If it isn't English, the WP8 Messaging App can get the numbers all wrong

by Michael S. Kaplan, published on 2013/04/01 07:01 -04:00, original URI: http://blogs.msdn.com/b/michkap/archive/2013/04/01/10406100.aspx


When you use SMS/Text capabilities, you have 160 bytes per text.

This makes English the smallest language, and every other language a little bit bigger.

And it makes some a lotta bit bigger.

If you are using supplementary characters, you'll be a lotta bit biggest!

Thank goodness I have unlimited texting!

I decided to play around with this on my Nokia Lumia 920 running Windows Phone 8.

For this exercise, I spammed my good friend Lauren Witt with a few texts.

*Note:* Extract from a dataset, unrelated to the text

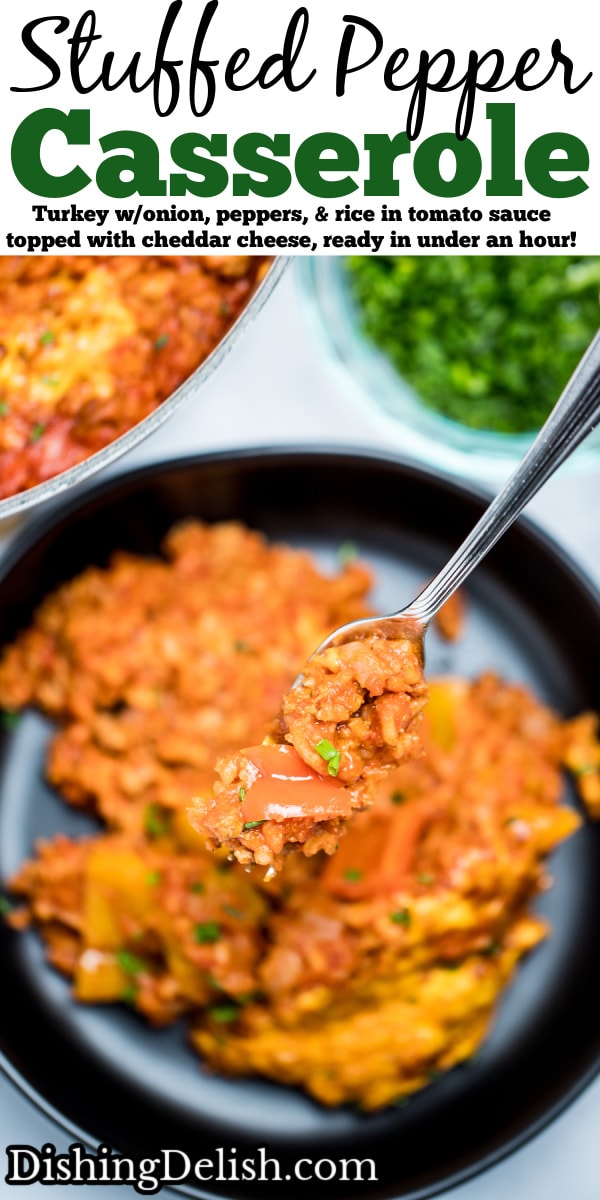 Pinterest pin with stuffed pepper casserole on a plate with a fork holding some casserole.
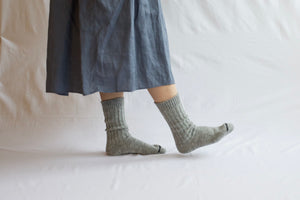 Nishiguchi // Praha Wool Ribbed Socks // Charcoal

Text #1 was 160 ASCII digits.

You know,

0123456789012345678901234567890123456789012345678901234567890123456789012345678901234567890123456789012345678901234567890123456789012345678901234567890123456789

In UTF-8, this is 160 bytes.

Text #2 was 30 emoticons.

You know,

😃😃😃😃😃😞😞😞😞😞😃😃😃😃😃😞😞😞😞😞😃😃😃😃😃😞😞😞😞😞

A stream of five U+1F603 characters followed by five U+1F61E characters, over and over.

In UTF-8, (30 * 4) or 120 bytes.

Notice how it had me at 60/70 characters there for my 120 bytes.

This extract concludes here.